During our live blog last night, someone noted that Fox Sports West was showing footage of a person in the rafters above Joe Louis Arena. Those who were watching Fox Sports Detroit's broadcast heard exactly nothing about it, but it became very obvious when the play was at the Wings end of the ice that almost an entire section was deserted, and not the "we're late getting out of the Olympia Club" deserted either.

According to a statement released by the Red Wings (but not on their website), three people got up to the fifth floor of the arena. One decided to climb onto a conduit rack (which is clearly not designed to support the weight of a person) and froze there until arena security and the Detroit Police Department could get them down.

While I understand (but don't necessarily agree with) the idea of not showing the fan on the local broadcast, there was no way to not notice an entire section of Joe Louis Arena almost empty, and it would've been nice to have some level of acknoledgement that there was something going on since it was so obvious to those watching it.
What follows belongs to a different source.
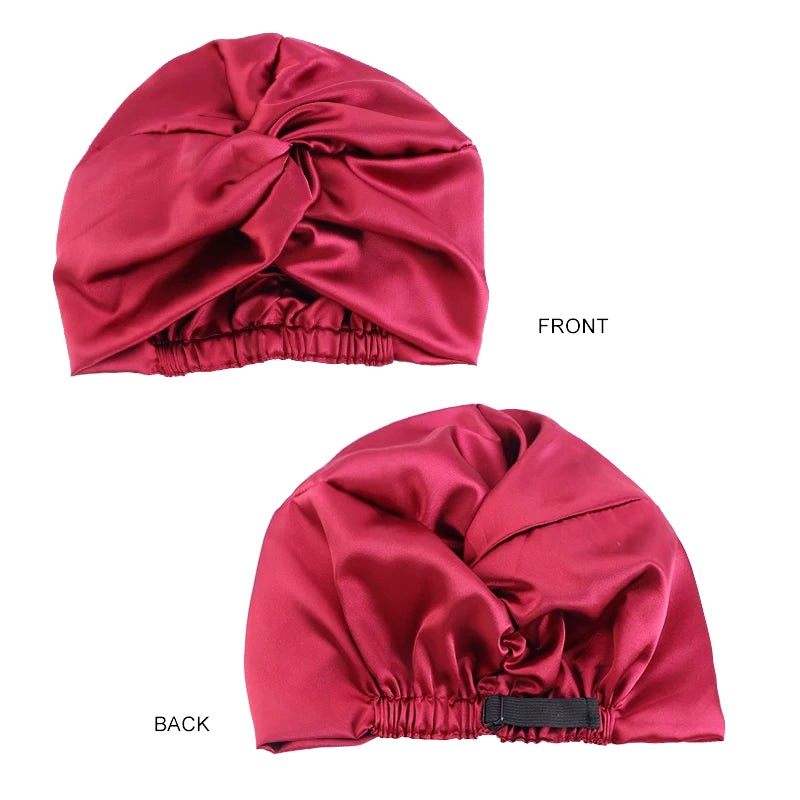 Foulard Cheveux Boucles 4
Then there's Mickey Redmond. Mickey falls under the category of "Lovable Legend" when it comes to broadcasting games, and I don't think anyone questions his love of the game. But two things last night were particularly irksome:

When talking about the situation involving Los Angeles Kings GM Dean Lombardi's comments on Red Berenson, the University of Michigan hockey head coach and collegiate coach of star defenseman Jack Johnson, Redmond was taking Lombardi to task when he added, "He shouldn't have even been talking to him." Him being Gann Matsuda, the writer on Frozen Royalty, a blog on the Kings. I took from that a shot at Matsuda, probably because he's not one from the "old media" group, and because Lombardi's initial defense was that Matsuda didn't understand the rules regarding whether the comment was on the record or not.
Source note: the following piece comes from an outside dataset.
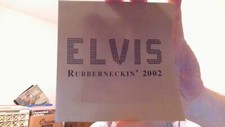 ELVIS PRESLEY RUBBERNECKIN'
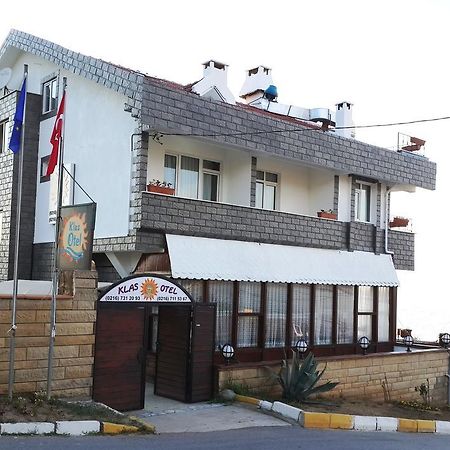 Klas Otel Si̇Le Ağva Eksteriør billede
Then, during a moment in which Daniels was talking about players returning from the injured reserve list, Redmond dropped a bombshell: that Andreas Lilja (who has been out for almost a year now from a concussion) could come back next week. Ken Daniels seemed completely surprised when it was brought up. When we heard it during the game thread last night, there was some discussion as to whether Redmond misspoke, but that seemed unlikely because, as he was saying it, he used the telestrator to circle Lilja on the on-screen graphic.

The problem, however, is that Ken Holland told Ansar Kahn that wasn't true at all:

"Nothing has changed," Holland said. "I'm not aware of that (Redmond's comment). He (Lilja) has good days and bad days. Nobody has said anything to me that he's getting close."

I know people love Mickey Redmond, and he brings the very definition of both words when it comes to "color commentary." That being said, the first comment was the kind of thing that reminds me of how close to Don Cherry he can be: arrogant, "not the right way, meaning the old way," offputting. The second one was inexcusably wrong. I don't expect Redmond to know who Kirk Herbstriet is, but I'd suggest he take a moment or two to brush up on Herbstriet's 2007 Michigan coaching "reporting" before he decides to do that again.